123456789101112131415161718192021222324252627282930313233343536373839404142434445464748495051525354555657 |
- :ss:"<html><!-- comment --><body/></html>" / Sample xml text with a variety of tag types
- :ds:&'"<>"=\:ss / find the delimiters
- :sp:&'"!?/]-"=\:ss / find indices "helper" characters for (sp)ecial tag types
- / this produces a list of indices for each helper character
- ss@sp+1 / look for the characters following a helper character
- ss@sp-1 / look for the characters preceding a helper character
- (sp:&'"!?/]-"=\:ss)+\:/:-1 1 / Both!!
- ds[0]?sp-1 / See which characters preceding helper chars are opening delimeters
- ~^ds[0]?sp-1 / We don't need to know which particular delimiter
- / Just that there is one
- ~^ds?'(sp:&'"!?/]-"=\:ss)+\:/:-1 1 / Both!
- &''~^ds?'(sp:&'"!?/]-"=\:ss)+\:/:-1 1 / Find the indices into the lists of special characters
- / Find the indices of the actual characters (adjusting back)
- :sp:-1 1+'sp@'/:&''~^ds?'(sp:&'"!?/]-"=\:ss)+\:/:-1 1
- qs:&'"'\""=\:x / Find both single and double quotes
- / Now to tackle comments and CDATA
- sp[1] / closing special delimiters
- sp[1;4 3] / find "->" and "]>"
- ss@cl:sp[1;4 3]-2 / Look back a couple of characters
- "-]"='ss@cl / find "-->" and "]]>"
- cl:2+cl@'&'"-]"='ss@cl / Keep track of where we found this
- / Now look for openers
- ss@(op:sp[0;0])+\:2+!7 / Look for the first seven characters after "<!"
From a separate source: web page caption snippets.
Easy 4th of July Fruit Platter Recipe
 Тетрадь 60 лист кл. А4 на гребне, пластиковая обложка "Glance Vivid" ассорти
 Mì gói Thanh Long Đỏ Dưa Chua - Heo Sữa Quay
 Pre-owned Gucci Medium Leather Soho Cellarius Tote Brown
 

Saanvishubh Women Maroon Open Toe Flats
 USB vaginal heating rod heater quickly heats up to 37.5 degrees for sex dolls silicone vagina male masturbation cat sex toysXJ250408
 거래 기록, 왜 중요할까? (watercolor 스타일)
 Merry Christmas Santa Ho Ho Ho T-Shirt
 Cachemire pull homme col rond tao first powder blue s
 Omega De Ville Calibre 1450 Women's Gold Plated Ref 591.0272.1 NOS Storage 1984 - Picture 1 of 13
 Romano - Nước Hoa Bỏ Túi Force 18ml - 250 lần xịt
- / See check which of these look like the beginning of a comment or CDATA
- ("--";"[CDATA["){x~(#x)#y}/:\:ss@(op:sp[0;0])+\:2+!7
- / And find the original indices
- op:op@/:&'("--";"[CDATA["){x~(#x)#y}/:\:ss@(op:sp[0;0])+\:2+!7
- / Now we have candidates for opening and closing comments and CDATA
- / Now we have to clean things up
- / What can happen?
- :ss0:"<!-- <!-- --> -->" / Comments don't nest!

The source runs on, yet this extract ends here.